Accouchement difficile : ce que le subjectif nous dit de ce qui est objectif
Afin d’y voir plus clair, je vous propose ici une liste d’indices qui peuvent aider à qualifier de “difficile” une expérience d’accouchement. Ces éléments ne sont pas fondés sur les actes ou le déroulement des faits, mais sur le ressenti. Or, ce dernier est, par nature, incontestable, indiscutable, quel que soit le point de vue médical.
Et, surtout, ce que les femmes ressentent nous renseigne, de manière quasiment infaillible, sur la réalité des faits.
Après leur accouchement, immédiatement ou pas, toutes les femmes que j’ai accompagnées se sont trouvées dans une des situations suivantes (souvent plusieurs) alors même, parfois, que leur dossier médical ne faisait état d’aucune difficulté particulière pendant l’accouchement. Pourtant, à chaque fois, nous avons identifié, finalement, plusieurs éléments factuels clairement objectivables et contestables tant du point de vue du respect des recommandations médicales que des droits de la patiente.
Vous avez eu un accouchement difficile si…
… vous vous reconnaissez dans n’importe laquelle de ces affirmations (cette liste n’est pas exhaustive) :
- Vous pensez à votre accouchement ou à votre séjour à la maternité avec une boule au ventre.
- Vous voulez vite oublier votre accouchement.
- Vous avez des pensées intrusives, type flash-back ou ruminations, portant sur des moments précis de votre accouchement et qui vous laissent en proie à un malaise, à de la tristesse ou à de la colère.
- Vous n’osez pas dire à votre entourage que l’accouchement est difficile à digérer, par crainte de ne pas être comprise.
- Vous êtes meurtrie (et n’osez peut-être pas le montrer) lorsque quelqu’un minimise les souffrances/difficultés de votre accouchement.
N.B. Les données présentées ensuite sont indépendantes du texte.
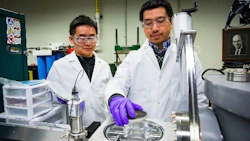 Sichuang Xue (left) Purdue postdoctoral research associate and Qiang Li (right), Purdue doctoral student preparing a sample to create super-strong aluminum alloys (image courtesy of Purdue).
- Vous avez (ou avez eu) des conflits (importants ou non) avec votre entourage (conjoint, famille, amis) au sujet de votre accouchement.
- Vous êtes gênée de ne pas savoir exactement quels actes ont été pratiqués sur vous ou votre bébé pendant l’accouchement. Vous l’avez peut-être demandé, mais sans avoir obtenu de réponse précise.
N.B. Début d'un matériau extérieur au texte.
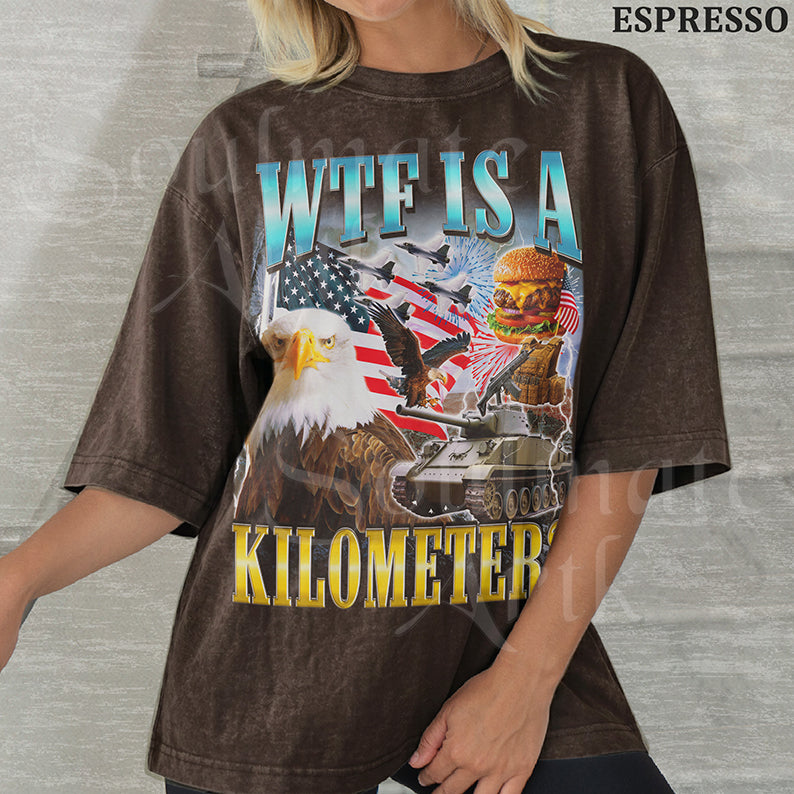 Graphic collage featuring a bald eagle, American flag, fighter jets, a tank, and a burger with bold text reading WTF IS A KILOMETER? on a washed espresso shirt.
- Après ce que vous avez traversé, vous vous dites qu’un accouchement, c’est violent par nature.
- Vous trouvez que vous n’avez pas été assez soutenue par votre compagnon/compagne pendant votre accouchement et vous en gardez du ressentiment à son égard.
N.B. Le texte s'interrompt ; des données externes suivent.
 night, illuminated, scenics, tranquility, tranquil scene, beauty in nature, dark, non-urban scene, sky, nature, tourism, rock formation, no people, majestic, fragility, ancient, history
- Vous pensez que votre corps n’a pas fonctionné comme il fallait, même si vous ne souffriez d’aucune pathologie particulière.
- Vous auriez besoin de comprendre ce qui s’est passé sans oser/pouvoir demander des éclaircissements à l’équipe médicale.
- Vous avez le sentiment d’avoir raté quelque chose dans cette expérience.
- Vous envisagez de renoncer à une grossesse ultérieure pour ne pas revivre la même chose.
- Vous nourrissez du ressentiment à l’égard de votre bébé à cause de l’accouchement.
- Vous avez le sentiment de n’avoir pas décidé grand chose pendant votre accouchement et vous vous sentez frustrée.
- Vous êtes encore triste ou en colère au souvenir d’un geste que vous avez subi, d’une parole que vous avez entendue ou d’une situation que vous avez vécue pendant votre accouchement (quels qu’en soient l’origine ou le contexte).
- Vous regrettez de ne pas avoir été assez accueillante avec votre bébé lorsqu’il est né.
- Vous pensez que vous ne vous êtes pas assez préparée pour bien accoucher.
- Vous croyez que seul un prochain accouchement réussi pourrait vous « réparer ».